人事部の女神さまの憂いは続く
「藤木さんと他の女の人のことで、ヤキモキする自分がイヤだ。
今さらどうしようもない過去のことで嫉妬する自分がイヤだ。
だから、やっぱり女タラシの人は私には合わないんだって思った」
勢いでそこまで言ったところで、胸から顔を外されて、びっくりしたような表情の藤木さんに見下ろされる。

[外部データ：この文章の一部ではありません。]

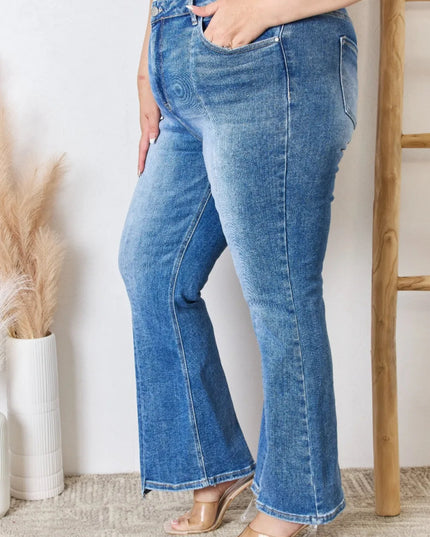 RISEN Full Size High Rise Ankle Flare Jeans - THE AMERICAN BLUE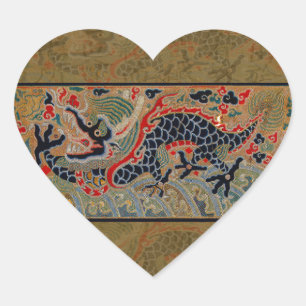 Chinese Dragon Symbol Antique Asian Heart Sticker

その目を見ながら
「でも、そんなでも藤木さんと離れたくないって思う自分がイヤだ。
藤木さんが浮気したとしても離れられないんだろうなって思う自分がイヤだ」
不貞腐れたようにそう言い切ると、ゴメン、ゴメンと言う旦那様に再びギューと腕の中に閉じ込められた。
「最低だけど、今すげー嬉しい」
そう言う藤木さんの声は確かに嬉しそうで。ムッとして、ペチリと胸を叩くと、もう一度ゴメン、っていう藤木さん。
「確かに過去のことはどうしようもないんだけどさ。侑里を自分のものにしたいって思ってからは他の女と二人で会ってないし、ちゃんと切ったよ。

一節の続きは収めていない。